Effect of ethanol feeding on intrahepatic ceramide and sphingomyelin content. C57BL/6J mice were fed the liquid diet with or without ethanol for 4 wk and then euthanized. Ten milligrams of liver tissues were prepared for mass spectrometry analyses as described in materials and methods. Hepatic C-16 (A) and C-18 ceramide (B) contents were significantly higher in ethanol-fed mice compared with controls (n = 5 in each group, *P < 0.05). The total ceramide content (the combination of C-16 and C-18 ceramides) in the liver tissues are shown (C).

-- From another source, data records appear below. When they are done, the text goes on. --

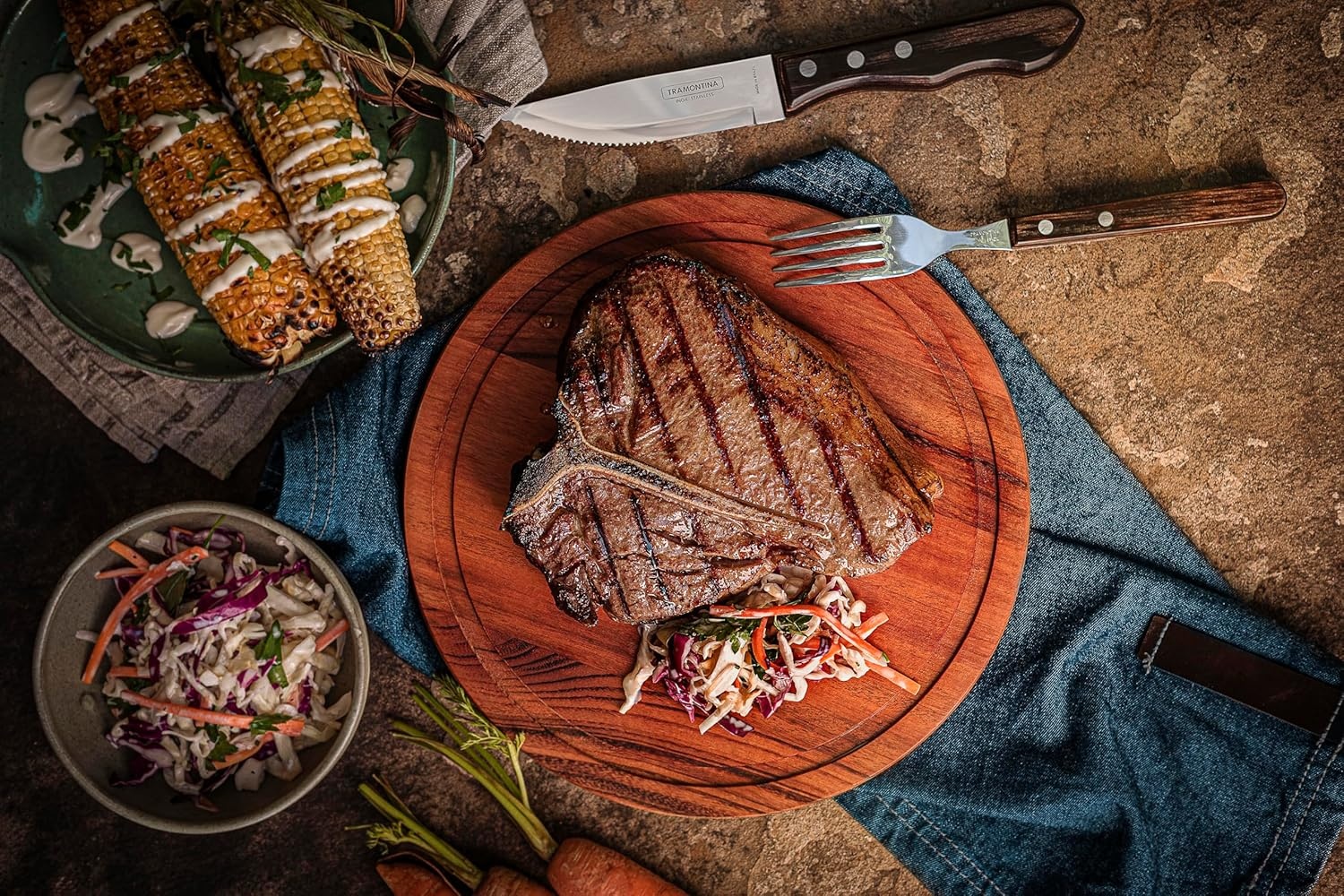 image:imageTramontina Churrasco 5 inch Jumbo Steak Knife Set4 Piece Brown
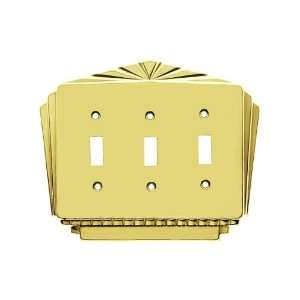   Brass Deco Style Triple Gang Toggle Switch Plate.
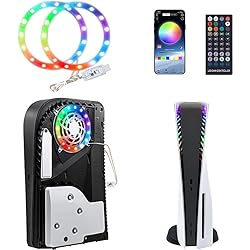 Lampara Ventilador Con Control Remoto Mcbazel RGB LED Tira de Luces con Control Remoto IR para PS5 Tira de Luz para Playstation 5 Consola,8 colores y 400 efectos combinados(No para PS5 Slim)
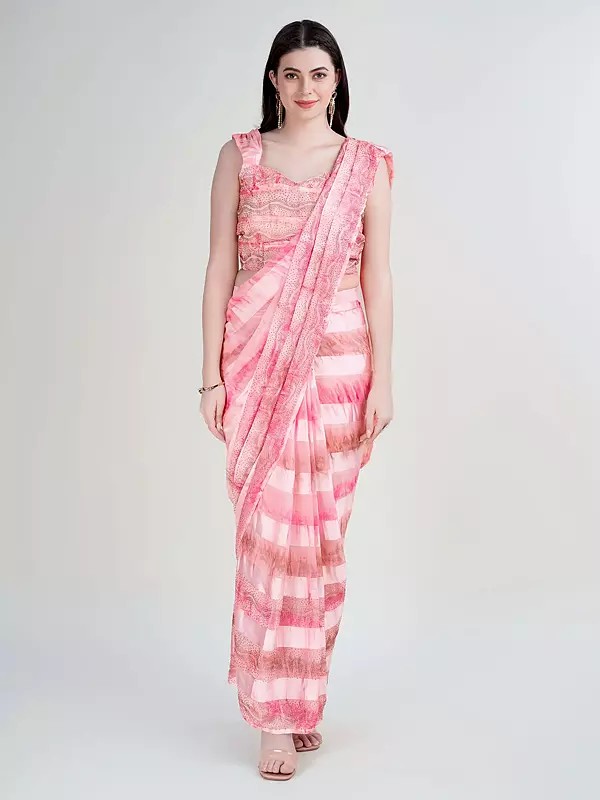 Pre - Daped Satin Silk Saree with Stone Work and Swarovski Pattern Blouse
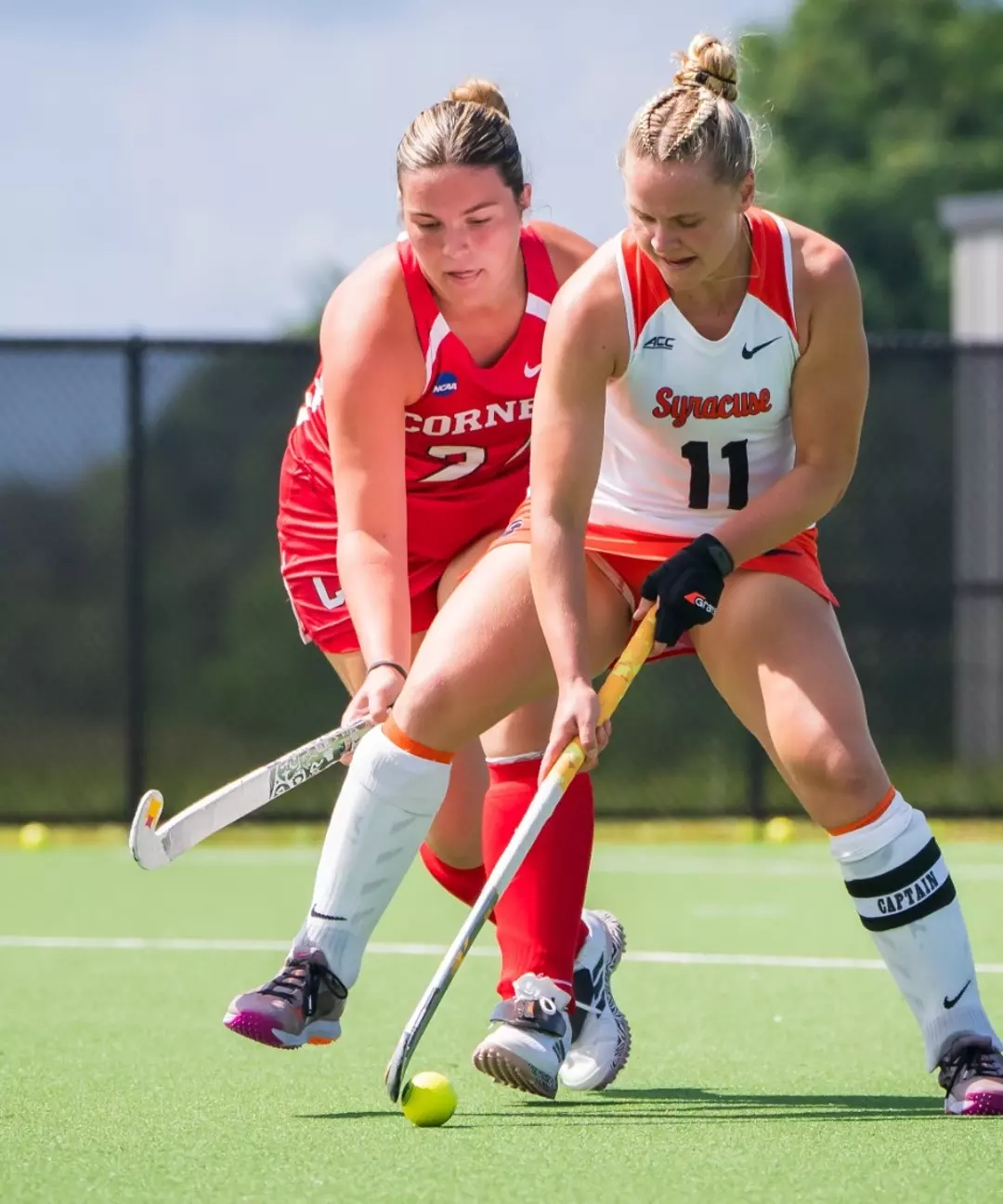 Grace Anne McCooey backs down a defender at Cornell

There was no difference in sphingomyelin content in liver tissues from ethanol-fed mice compared with paired-fed controls (D).

Fig. 6.

Proposed mechanism on ethanol effects on AMPK phosphorylation. The inhibitory effect of ethanol on AMPK phosphorylation was attenuated by the presence of an acid sphingomyelinase (SMase) inhibitor (imipramine) or ceramide synthase inhibitor (fumonisin B1) in hepatoma cells. Ethanol also increased the mRNA levels of acid SMase in ethanol-fed mice. We propose that the inhibitory effects of ethanol on AMPK phosphorylation are secondary to increased intracellular ceramide concentrations (through increased acid SMase activity), leading to increase in PP2A activity, thus inhibiting AMPK phosphorylation. SPT, serine palmitoyl transferase.